Featuring an ensemble stellar cast headed by Matthew McConaughey (A Time to Kill), Bill Paxton (A Simple Plan), Harvey Keitel (Pulp Fiction), Jon Bon Jovi (Moonlight & Valentino), Jake Weber (Meet Joe Black) and David Keith (Indian in the Cupboard), U571 was co-written by Mostow, who spoke with Film & Video’s Iain Blair about the challenges of making the film, shooting on location in Malta and Italy, and why he’d do it all over again.
You certainly didn’t make it easy for yourself, shooting a period piece that’s also set at sea. Didn’t Jim Cameron warn you?
(Laughs) A long time ago I pitched an idea to Steven Spielberg, and I was with a friend who’d actually written Waterworld, and I’ll never forget Steven saying, ‘Whatever you do, never shoot on water. I did Jaws. Trust me, it’s a nightmare!’ That advice really stuck with me, but I guess I forgot. Ironically, we were all so terrified of shooting on water that we were so well prepared that we actually came in on schedule on all the water stuff. And the credit goes to Lance Julian, the marine coordinator. We were shooting at sea for 10 weeks. We had 350 in the crew. We had a full-sized, 212-foot, 600-ton sub we’d built from scratch. We also built two full-sized submarine replicas on the island of Malta where we shot all the film’s exterior scenes, and we also had a 5,000-ton destroyer that we completely redressed and refitted with all sorts of guns. We also specially built support craft as we needed boats that could do some unique tasks. So we had all this incredible one-of-a-kind technology on the water, and it went like clockwork because of Julian. He’d worked on Amistad, Waterworld, and Titanic. He’s like the Einstein of marine coordination. We didn’t have one accident or run even one day behind schedule. And it’s just so much more fun to be shooting out on the ocean than in a dark soundstage.

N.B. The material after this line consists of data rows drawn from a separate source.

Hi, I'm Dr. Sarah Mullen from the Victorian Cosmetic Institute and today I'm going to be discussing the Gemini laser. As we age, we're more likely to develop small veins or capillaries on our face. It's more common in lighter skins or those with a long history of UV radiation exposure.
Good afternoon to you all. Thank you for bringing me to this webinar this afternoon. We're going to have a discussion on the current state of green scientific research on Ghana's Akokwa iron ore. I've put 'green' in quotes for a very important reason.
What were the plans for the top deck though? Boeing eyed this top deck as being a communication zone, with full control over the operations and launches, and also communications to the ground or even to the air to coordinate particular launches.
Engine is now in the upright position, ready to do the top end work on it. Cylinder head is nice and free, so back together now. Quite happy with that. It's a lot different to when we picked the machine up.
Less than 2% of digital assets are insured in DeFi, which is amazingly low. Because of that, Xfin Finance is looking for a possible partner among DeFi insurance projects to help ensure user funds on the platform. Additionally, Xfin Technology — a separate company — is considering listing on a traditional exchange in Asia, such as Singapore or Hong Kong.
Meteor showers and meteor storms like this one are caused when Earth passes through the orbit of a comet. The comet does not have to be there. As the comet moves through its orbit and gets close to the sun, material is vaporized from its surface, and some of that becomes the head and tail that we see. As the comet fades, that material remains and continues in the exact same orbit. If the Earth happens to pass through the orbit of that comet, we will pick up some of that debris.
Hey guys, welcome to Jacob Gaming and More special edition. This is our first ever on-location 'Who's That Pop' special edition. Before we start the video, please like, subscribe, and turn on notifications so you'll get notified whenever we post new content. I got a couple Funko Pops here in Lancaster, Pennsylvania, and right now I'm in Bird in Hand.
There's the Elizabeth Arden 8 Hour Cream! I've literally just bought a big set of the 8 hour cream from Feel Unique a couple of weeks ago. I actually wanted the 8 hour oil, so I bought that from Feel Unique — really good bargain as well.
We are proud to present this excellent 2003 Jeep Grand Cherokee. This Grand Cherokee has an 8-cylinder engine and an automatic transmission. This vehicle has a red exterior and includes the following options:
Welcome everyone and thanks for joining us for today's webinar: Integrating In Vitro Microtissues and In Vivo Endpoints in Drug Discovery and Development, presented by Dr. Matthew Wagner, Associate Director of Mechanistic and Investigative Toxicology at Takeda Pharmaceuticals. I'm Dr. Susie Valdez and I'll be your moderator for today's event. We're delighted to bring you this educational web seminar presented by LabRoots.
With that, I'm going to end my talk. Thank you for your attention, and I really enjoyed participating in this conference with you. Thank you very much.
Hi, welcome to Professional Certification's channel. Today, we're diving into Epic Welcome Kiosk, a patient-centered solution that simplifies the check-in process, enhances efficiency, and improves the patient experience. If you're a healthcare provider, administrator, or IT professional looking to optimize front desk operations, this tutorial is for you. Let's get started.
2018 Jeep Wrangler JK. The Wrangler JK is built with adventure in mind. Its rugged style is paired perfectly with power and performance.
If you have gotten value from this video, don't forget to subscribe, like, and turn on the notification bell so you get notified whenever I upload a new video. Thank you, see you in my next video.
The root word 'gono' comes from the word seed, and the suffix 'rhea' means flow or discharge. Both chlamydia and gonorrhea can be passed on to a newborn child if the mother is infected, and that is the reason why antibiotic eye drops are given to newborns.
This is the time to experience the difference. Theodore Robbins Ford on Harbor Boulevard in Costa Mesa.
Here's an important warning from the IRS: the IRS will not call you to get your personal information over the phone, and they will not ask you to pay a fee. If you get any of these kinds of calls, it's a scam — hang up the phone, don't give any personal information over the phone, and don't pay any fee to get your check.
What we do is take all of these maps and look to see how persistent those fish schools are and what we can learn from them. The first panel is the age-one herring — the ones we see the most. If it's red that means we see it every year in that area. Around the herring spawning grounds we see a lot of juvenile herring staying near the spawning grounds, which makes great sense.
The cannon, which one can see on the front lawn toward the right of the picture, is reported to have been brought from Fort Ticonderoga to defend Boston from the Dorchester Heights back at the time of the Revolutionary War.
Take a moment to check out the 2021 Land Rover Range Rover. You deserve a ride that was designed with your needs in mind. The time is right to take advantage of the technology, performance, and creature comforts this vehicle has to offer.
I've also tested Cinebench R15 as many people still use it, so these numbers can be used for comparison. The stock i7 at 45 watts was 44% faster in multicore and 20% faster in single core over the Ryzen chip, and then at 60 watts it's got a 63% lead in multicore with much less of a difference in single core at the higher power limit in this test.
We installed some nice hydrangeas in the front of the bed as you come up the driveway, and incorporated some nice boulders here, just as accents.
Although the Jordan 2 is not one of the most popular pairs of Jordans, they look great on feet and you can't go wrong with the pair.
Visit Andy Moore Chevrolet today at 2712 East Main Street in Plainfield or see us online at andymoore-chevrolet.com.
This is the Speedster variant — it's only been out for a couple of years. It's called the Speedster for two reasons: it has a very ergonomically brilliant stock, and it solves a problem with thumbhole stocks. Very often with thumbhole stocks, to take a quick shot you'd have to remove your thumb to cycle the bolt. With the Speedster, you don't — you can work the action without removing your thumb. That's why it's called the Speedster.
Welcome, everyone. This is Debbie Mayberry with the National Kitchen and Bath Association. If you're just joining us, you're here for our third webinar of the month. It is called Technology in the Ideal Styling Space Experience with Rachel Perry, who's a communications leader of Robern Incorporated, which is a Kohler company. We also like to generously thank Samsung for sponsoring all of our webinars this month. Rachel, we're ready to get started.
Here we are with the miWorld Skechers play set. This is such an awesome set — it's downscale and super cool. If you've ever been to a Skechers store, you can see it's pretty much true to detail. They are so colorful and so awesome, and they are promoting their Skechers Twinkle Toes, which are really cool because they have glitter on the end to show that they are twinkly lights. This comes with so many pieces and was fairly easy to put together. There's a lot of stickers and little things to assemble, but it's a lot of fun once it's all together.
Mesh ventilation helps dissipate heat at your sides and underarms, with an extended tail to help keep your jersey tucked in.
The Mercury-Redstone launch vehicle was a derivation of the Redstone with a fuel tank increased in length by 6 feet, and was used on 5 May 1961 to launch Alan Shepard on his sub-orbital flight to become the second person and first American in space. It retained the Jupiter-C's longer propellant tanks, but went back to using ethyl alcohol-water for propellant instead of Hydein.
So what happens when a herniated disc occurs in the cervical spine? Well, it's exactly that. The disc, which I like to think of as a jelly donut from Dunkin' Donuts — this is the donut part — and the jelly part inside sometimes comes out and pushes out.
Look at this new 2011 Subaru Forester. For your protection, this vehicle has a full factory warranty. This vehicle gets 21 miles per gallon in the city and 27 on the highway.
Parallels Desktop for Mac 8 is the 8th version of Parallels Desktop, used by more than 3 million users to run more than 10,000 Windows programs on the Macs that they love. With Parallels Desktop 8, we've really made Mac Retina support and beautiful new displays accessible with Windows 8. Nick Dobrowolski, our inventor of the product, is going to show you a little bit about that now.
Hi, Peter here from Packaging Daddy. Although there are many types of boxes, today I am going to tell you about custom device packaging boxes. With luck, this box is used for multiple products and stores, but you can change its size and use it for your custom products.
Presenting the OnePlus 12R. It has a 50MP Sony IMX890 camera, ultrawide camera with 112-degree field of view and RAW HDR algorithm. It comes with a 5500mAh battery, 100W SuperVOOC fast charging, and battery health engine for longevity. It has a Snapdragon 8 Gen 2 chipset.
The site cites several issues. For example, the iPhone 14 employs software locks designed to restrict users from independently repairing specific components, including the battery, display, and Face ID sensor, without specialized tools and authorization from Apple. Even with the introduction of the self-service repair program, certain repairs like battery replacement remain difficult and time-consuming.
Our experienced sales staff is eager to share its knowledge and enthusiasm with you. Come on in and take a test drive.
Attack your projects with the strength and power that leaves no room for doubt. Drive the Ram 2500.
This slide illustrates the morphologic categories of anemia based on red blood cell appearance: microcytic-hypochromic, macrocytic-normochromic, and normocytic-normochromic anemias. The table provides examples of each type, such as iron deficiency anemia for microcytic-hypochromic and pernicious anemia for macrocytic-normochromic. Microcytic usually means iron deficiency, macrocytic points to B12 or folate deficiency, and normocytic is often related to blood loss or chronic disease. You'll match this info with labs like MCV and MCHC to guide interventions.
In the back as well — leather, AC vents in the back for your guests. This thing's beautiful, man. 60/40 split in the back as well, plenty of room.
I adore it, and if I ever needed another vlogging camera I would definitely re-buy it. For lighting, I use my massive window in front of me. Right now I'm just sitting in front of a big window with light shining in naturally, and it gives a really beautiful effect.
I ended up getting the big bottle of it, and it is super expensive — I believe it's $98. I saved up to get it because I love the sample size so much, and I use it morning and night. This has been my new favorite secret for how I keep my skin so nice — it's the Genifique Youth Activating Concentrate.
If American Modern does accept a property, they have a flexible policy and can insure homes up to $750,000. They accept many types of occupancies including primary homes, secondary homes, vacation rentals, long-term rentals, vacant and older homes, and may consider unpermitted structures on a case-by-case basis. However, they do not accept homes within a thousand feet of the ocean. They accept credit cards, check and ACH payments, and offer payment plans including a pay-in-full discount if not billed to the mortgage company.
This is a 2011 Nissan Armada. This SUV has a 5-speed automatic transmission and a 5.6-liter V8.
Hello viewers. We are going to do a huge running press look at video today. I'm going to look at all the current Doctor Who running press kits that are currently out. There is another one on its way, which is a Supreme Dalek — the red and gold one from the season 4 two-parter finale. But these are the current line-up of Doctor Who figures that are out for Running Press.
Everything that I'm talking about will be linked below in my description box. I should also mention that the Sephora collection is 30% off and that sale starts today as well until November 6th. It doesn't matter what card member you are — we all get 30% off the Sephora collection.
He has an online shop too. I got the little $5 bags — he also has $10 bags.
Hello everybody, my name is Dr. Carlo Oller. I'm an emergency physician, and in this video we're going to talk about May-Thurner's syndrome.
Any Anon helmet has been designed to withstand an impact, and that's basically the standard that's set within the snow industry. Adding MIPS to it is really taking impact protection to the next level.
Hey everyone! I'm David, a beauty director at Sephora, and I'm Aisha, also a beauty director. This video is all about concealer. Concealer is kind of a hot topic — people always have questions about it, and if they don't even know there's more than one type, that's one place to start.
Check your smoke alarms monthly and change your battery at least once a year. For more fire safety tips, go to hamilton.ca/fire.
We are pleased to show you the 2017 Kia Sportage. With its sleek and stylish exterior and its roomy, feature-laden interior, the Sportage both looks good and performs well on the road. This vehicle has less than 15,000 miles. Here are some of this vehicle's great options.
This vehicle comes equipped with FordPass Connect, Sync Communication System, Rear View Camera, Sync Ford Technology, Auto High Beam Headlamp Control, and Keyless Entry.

This was a very ambitious project to take on. What was the initial appeal for you?
It came about out of left field, I suspect like so many films. I was in San Francisco scouting locations for The Game, which David Fincher ended up doing while I went off to do Breakdown and I took this tour of a World War II submarine. That got me thinking, I want to write and make a World War II sub movie, so I went to the library, and the more I read, the more I couldn’t believe the accounts of what had happened. It was just amazing material. In fact, if you’d put some of this stuff in a screenplay you’d probably get a note back from the studio saying ‘This is unrealistic — it’s too Hollywood.’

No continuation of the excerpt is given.